This movie is not currently in theaters.


Jay Allen Sanford Oct. 9, 2009 @ 6:24 p.m.

The Hellboy movies and Blade II all carry the unmistakable Guillermo del Toro visual stamp, but Pan's Labyrinth seems to be the flick that most reflect his deep, dark soul. I've been obsessed with this movie since first viewing it on a battery operated DVD player in the midst of a power failure blackout, which turned out to be the perfect environs for this disturbing anti-fantasy classic.
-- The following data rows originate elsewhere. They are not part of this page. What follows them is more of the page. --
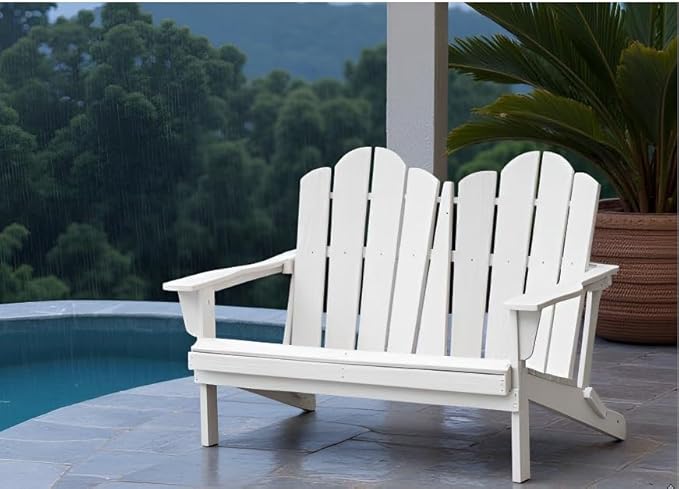 SERWALL Folding Adirondack Bench, HDPE All-Weather Adirondack Loveseat, 660 lbs Capacity, Foldable Outdoor Patio Bench for Deck, Lawn, Garden, White-VerdiqueGarden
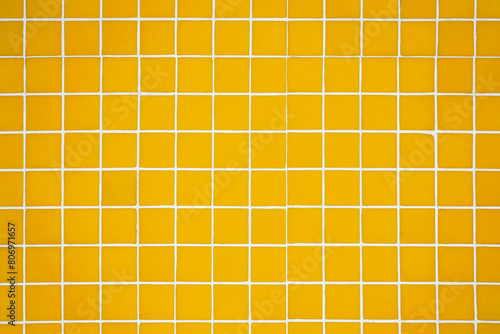 Dirty Yellow Tiles Wall Background Vintage Square Tiles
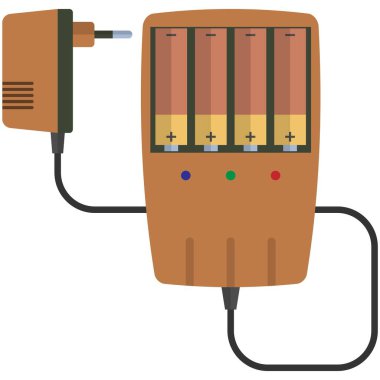 Batarya şarj vektör simgesi beyaz arkaplanda izole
The DVD commentary clarifies a bit as to whether the little girl playing the lead is really piercing the fabric of myth, or if she's just living out an escapist fantasy to escape from her epically grim reality - but much is still left open to the viewer's interpretation.

Despite the subtitles (rough on those of us with the attention span of a gnat on meth), this movie sucked me in like no other I can recall in recent memory. It's astounding and thought provoking - and, oh yeah, a couple of scenes are scary as all getout! That creepy critter that holds its eyeballs in its hands freaked me out so much, I shouted out loud the first time he went all del Toro!
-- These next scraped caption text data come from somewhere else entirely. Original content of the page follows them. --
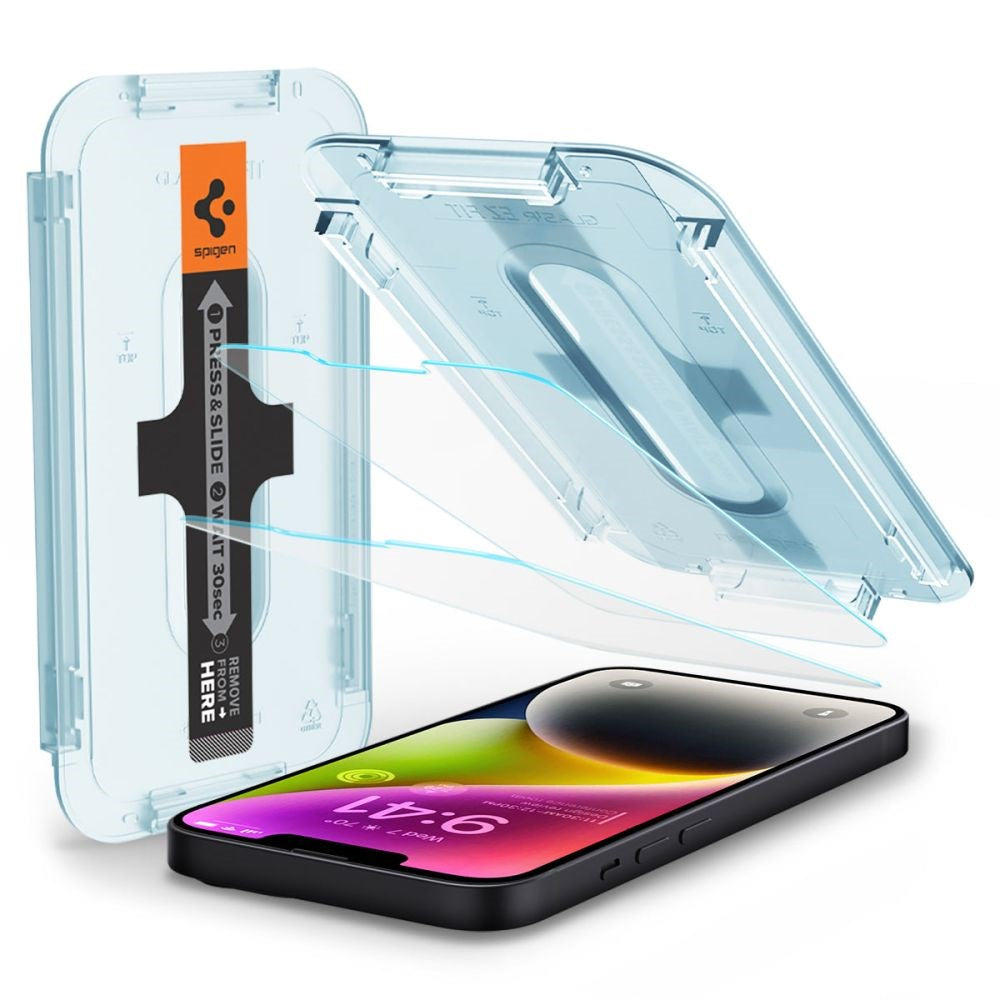 iPhone 16e / 14 / 13 / 13 Pro Spigen EZ Fit Glas.tR Screen Protection 2. Pcs - Case Friendly - Transparent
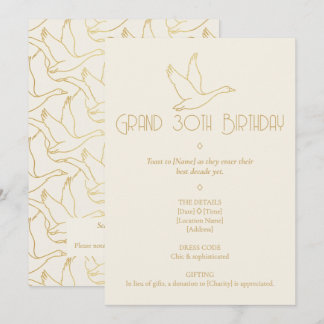 Gold-Filigran Art Deco | Gans 30. Geburtstag Einladung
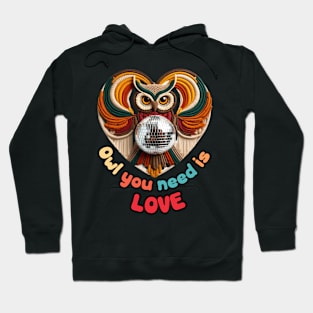 Owl You Need is Love Shirt, 1970s Shirt, 70s Groovy Tee, Disco Ball Shirt, Groovy Owl Shirt, Vintage 1970s, Retro Graphic Shirt, Hippie Mom Hoodie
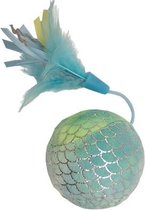 Happy pet mermaid bal groot met veren blauw - 30x8x8cm - 1 stuks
Jay Allen Sanford March 24, 2010 @ 2:36 a.m.

I keep obsessing over this movie and rewatching - I recently checked out the very similar bookend to the story that director/creator Guillermo del Toro did, the Devil's Backbone, a more horror-based tale than the fantasy-themed Pan's Labyrinth. Like Pan's, it's got a young child (a boy this time) hand building an alternate reality, one that may or may not be real...

Exciting news today about del Toro - he's been picked by James Cameron to do The Hobbit, the two-part prequel to Lord of the Rings. I'll be at the drive-in on opening day!